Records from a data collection
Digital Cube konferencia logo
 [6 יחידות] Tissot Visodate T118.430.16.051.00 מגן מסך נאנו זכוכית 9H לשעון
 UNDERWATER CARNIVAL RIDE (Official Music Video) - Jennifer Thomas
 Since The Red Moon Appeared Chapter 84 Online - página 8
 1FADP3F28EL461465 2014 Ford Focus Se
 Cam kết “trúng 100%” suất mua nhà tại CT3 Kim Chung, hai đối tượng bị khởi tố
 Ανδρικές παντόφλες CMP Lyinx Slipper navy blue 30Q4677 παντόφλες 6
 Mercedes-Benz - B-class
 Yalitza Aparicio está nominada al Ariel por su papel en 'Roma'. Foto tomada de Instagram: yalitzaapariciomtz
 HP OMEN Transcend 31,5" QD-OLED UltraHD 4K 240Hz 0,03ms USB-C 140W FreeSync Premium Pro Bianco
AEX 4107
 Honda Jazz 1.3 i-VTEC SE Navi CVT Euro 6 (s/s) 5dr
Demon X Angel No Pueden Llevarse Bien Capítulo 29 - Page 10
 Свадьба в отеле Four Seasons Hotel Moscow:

*What the task asks*: Only the lines from the one with "HP OMEN Transcend" through the final line above belong in the answer, each retyped exactly.

*Exercise response*:
 HP OMEN Transcend 31,5" QD-OLED UltraHD 4K 240Hz 0,03ms USB-C 140W FreeSync Premium Pro Bianco
AEX 4107
 Honda Jazz 1.3 i-VTEC SE Navi CVT Euro 6 (s/s) 5dr
Demon X Angel No Pueden Llevarse Bien Capítulo 29 - Page 10
 Свадьба в отеле Four Seasons Hotel Moscow:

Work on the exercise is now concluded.